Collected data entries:
::::::::
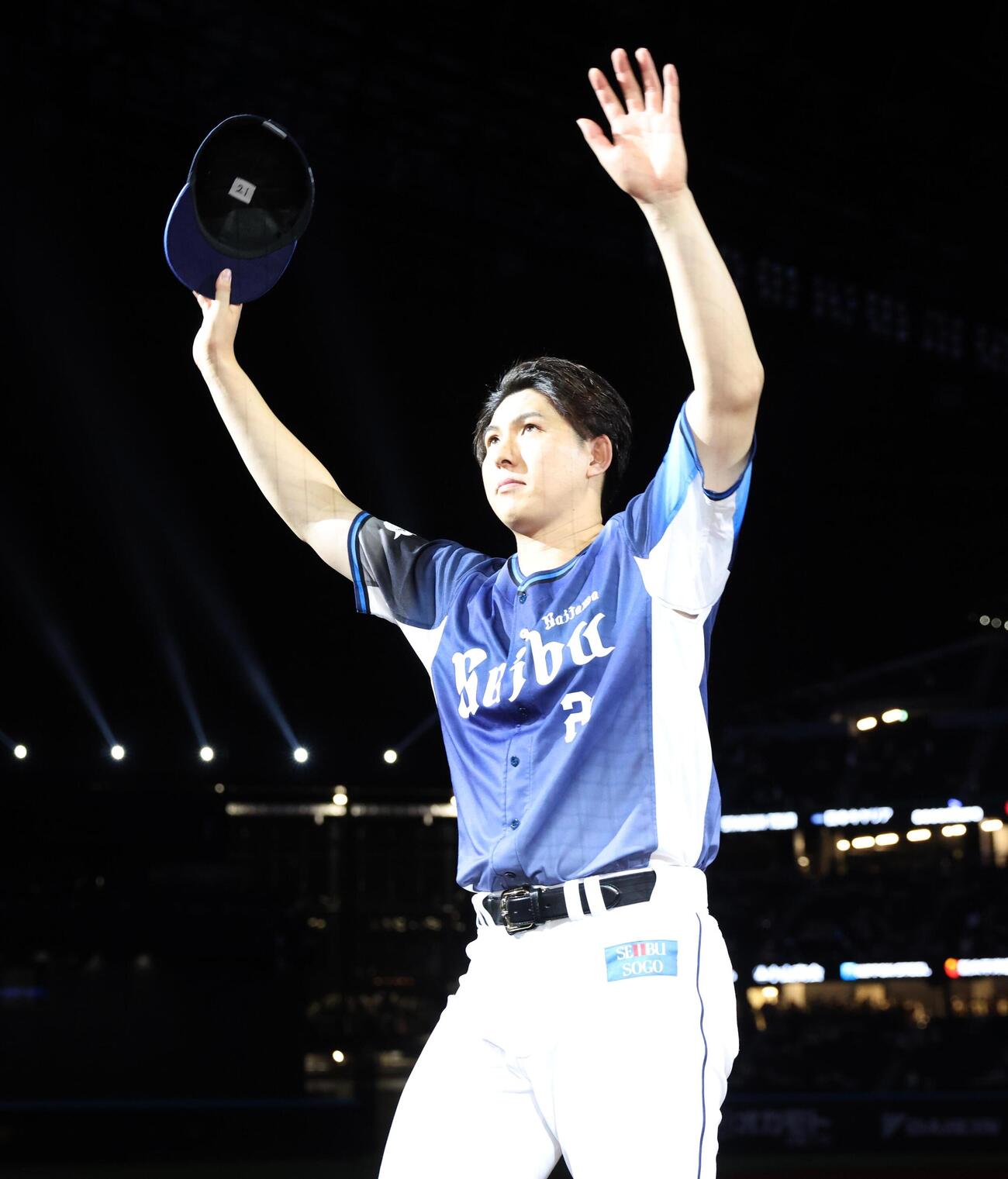 日本ハム対西武　試合後、スタンドの声援に応える武内夏暉（撮影・黒川智章）　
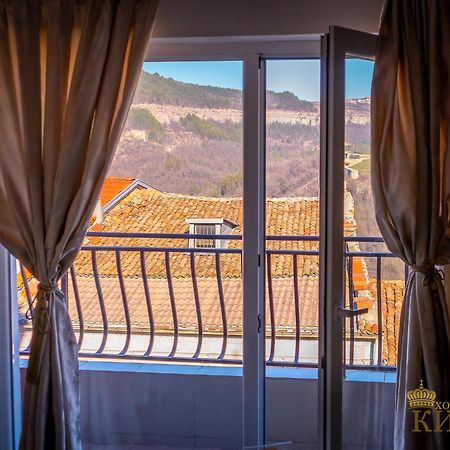 Hotel Kiev Veliko Turnovo Bagian luar foto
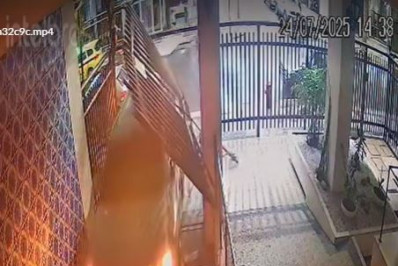 Vídeo: Carro desgovernado invade prédio em Copacabana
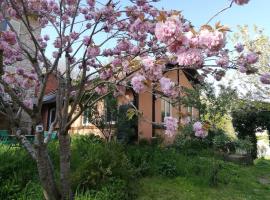 Beautiful house in Giverny: Giverny şehrinde bir otel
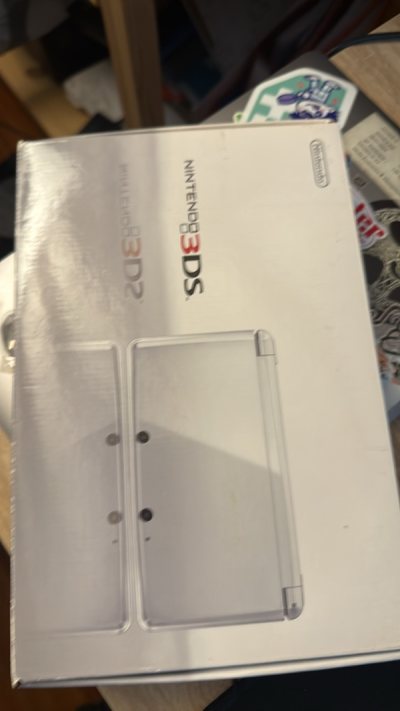 I bought a 3ds ice white. The box and the console are in perfect condition, as described. Perfect !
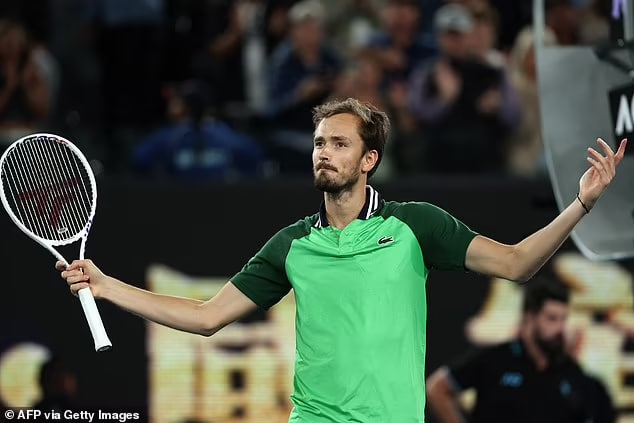 Australia Open: Daniel Medvedev scores an incredible comeback victory against Alexander Zvereva to advance Jannik Inner in the final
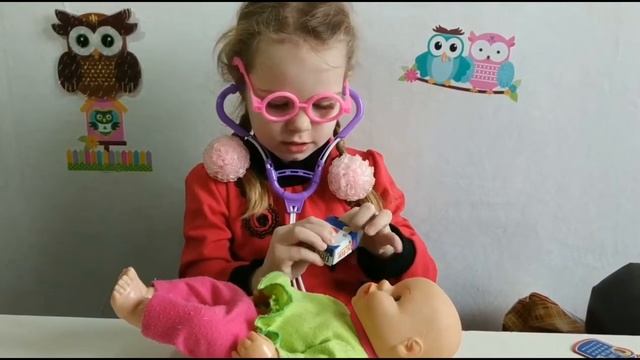 #куклы#игры#Игра в Доктора с Куклами. Настенька лечит Пупса.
::::::::
_THE TASK_: Each word of the data should be repeated exactly, and the pictures left out.

_TASK SOLUTION_:
 日本ハム対西武　試合後、スタンドの声援に応える武内夏暉（撮影・黒川智章）　
 Hotel Kiev Veliko Turnovo Bagian luar foto
 Vídeo: Carro desgovernado invade prédio em Copacabana
 Beautiful house in Giverny: Giverny şehrinde bir otel
 I bought a 3ds ice white. The box and the console are in perfect condition, as described. Perfect !
 Australia Open: Daniel Medvedev scores an incredible comeback victory against Alexander Zvereva to advance Jannik Inner in the final
 #куклы#игры#Игра в Доктора с Куклами. Настенька лечит Пупса.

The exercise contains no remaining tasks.